Further round of Russian sanctions could hit Czech car producers
Speculation has been raised in the Russian media that Moscow’s next retaliatory sanctions against the European Union and West could cover car imports. If that were the case, then the Czech Republic’s biggest industrial companies and exporters could suffer an unwelcome, but not fatal, blow.
Month after month, year after year, car sales top the table of goods shipped abroad and are the Czech Republic’s single biggest export product. Given the relatively small size of the Czech domestic market, most of the cars produced by the three locally based car manufacturers, Škoda Auto, Hyundai; and the Peugeot Citroën Toyota joint venture are sold abroad.
Russia, given the collapse of most of its local car producers and the growing middle class, represents a major market for Škoda Auto and Hyundai’s Czech unit in particular.
Škoda Auto increased sales in Russia in July by 3.4 percent to total 7,100 cars out of the 82,800 sold that month worldwide.
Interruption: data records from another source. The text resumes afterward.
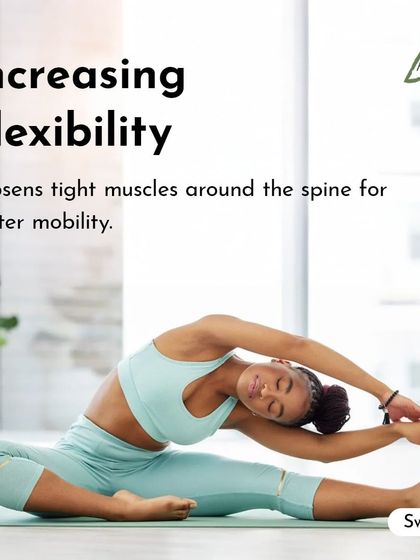 AthaYog Living - In-Studio Yoga & Wellness Sessions Yoga for Modern Life's Challenges photo 3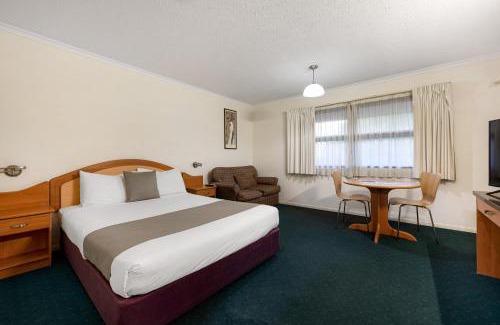Hamilton Hotel | Pegasus Motor Inn and Serviced Apartments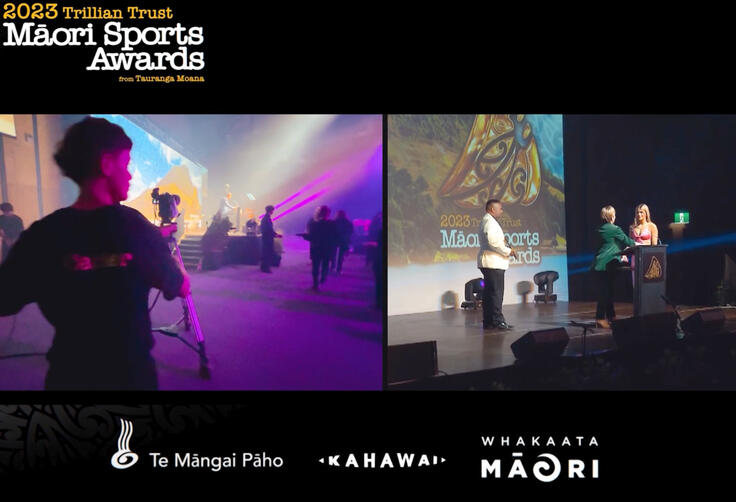 2023 Maori Sports Awards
In 2013, Russia become the biggest local producer’s third biggest market with 87,500 units delivered over the year out of its total 920,800 annual sales. The final figure was actually a drop on the near 100,000 units sold in Russia in 2012. Bosses have earmarked Russia along with China as one of its biggest growth markets.Škoda Auto is in a particular position on the Russian market with most of the sales there covered by two local assembly plants; one at Kaluga and the other at Nizhny Novogorod (formerly known as Gorky). Still, Czech-built cars are still reckoned to make up around 20 percent of the overall Russian sales. The cars exported are mostly at the higher end of the range - since Russian import charges mean that shipping cheaper models with lower margins makes little sense – and are often special or diesel versions.
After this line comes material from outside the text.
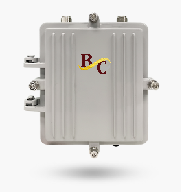 BC-510 高性能自组网基站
If Russian sanctions on car exports were imposed, it is likely that the local production would escape the punitive measures so Škoda Auto should hang onto most of its market share unless the parts for assembly were also covered by any measures.
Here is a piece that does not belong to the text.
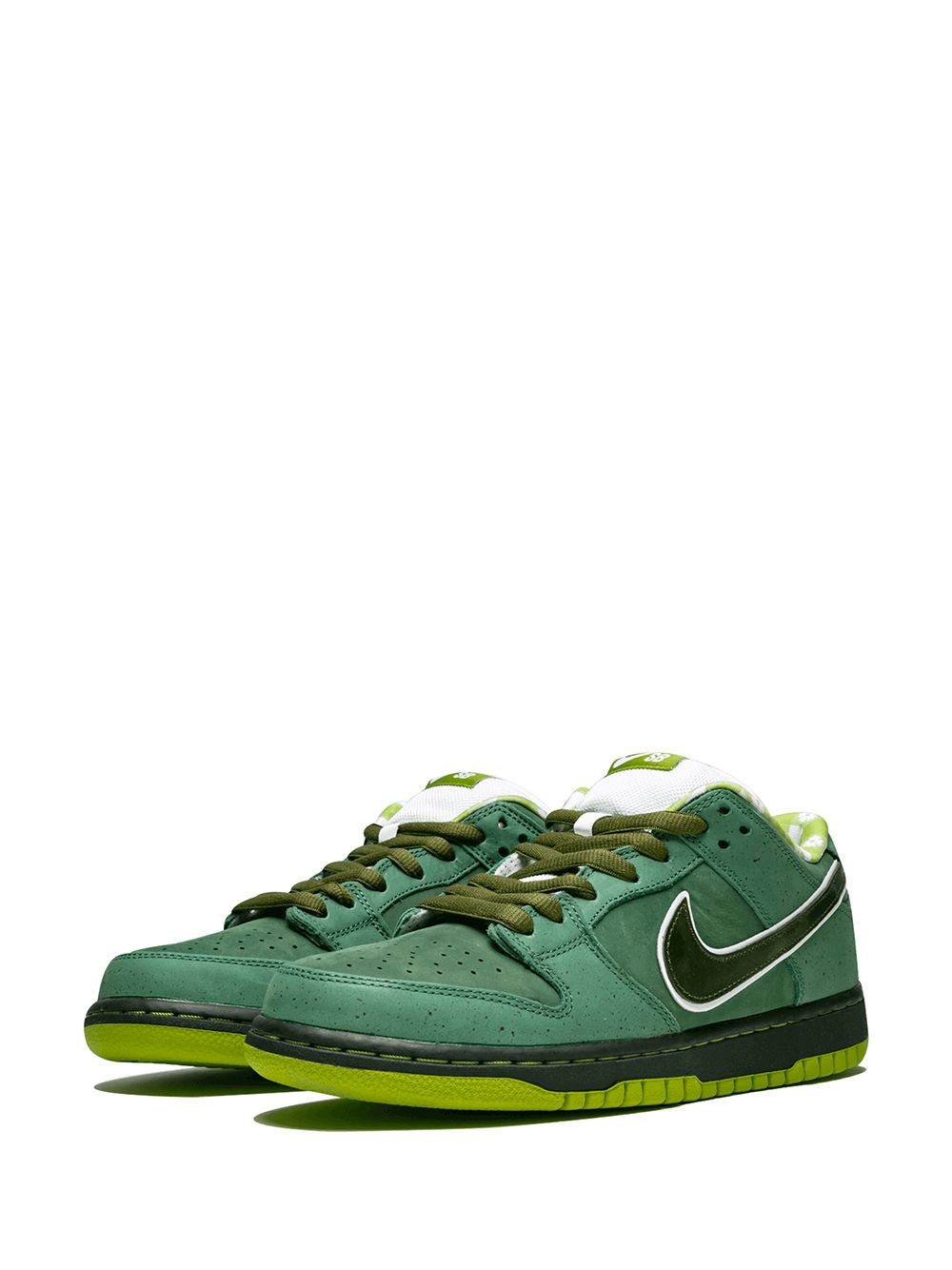 NIKE DUNK LOW SB PRO LANGOSTA GREEN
Hyundai’s Czech plant counts Russia as the second biggest market for the just over 300,000 cars produced a year. The South Korean mother company also has local manufacturing capacity in Russia that covers part of the demand. How far the South Korean company could juggle its worldwide production to still sell on the Russian market without being accused of sanctions breaking in the West is a moot point.Of all the three, the TPCA joint venture looks on the face of it to be the least exposed. Most of its production is shipped to Western Europe and covers the lower part of the market. But the indirect impact of a Russian sales ban could also be felt by the firm through higher competition and lower prices on its main markets.
Although there is little doubt Russian sanctions could hurt Czech manufacturers, the European market at least is looking fairly healthy and could take up some of the thwarted demand. European car sales rose 6.6 percent in the first half of this year, according to manufacturers’ grouping ACEA. And although the figures from some of the last months are a little weaker, it still looks like a market that is recovering from the worst.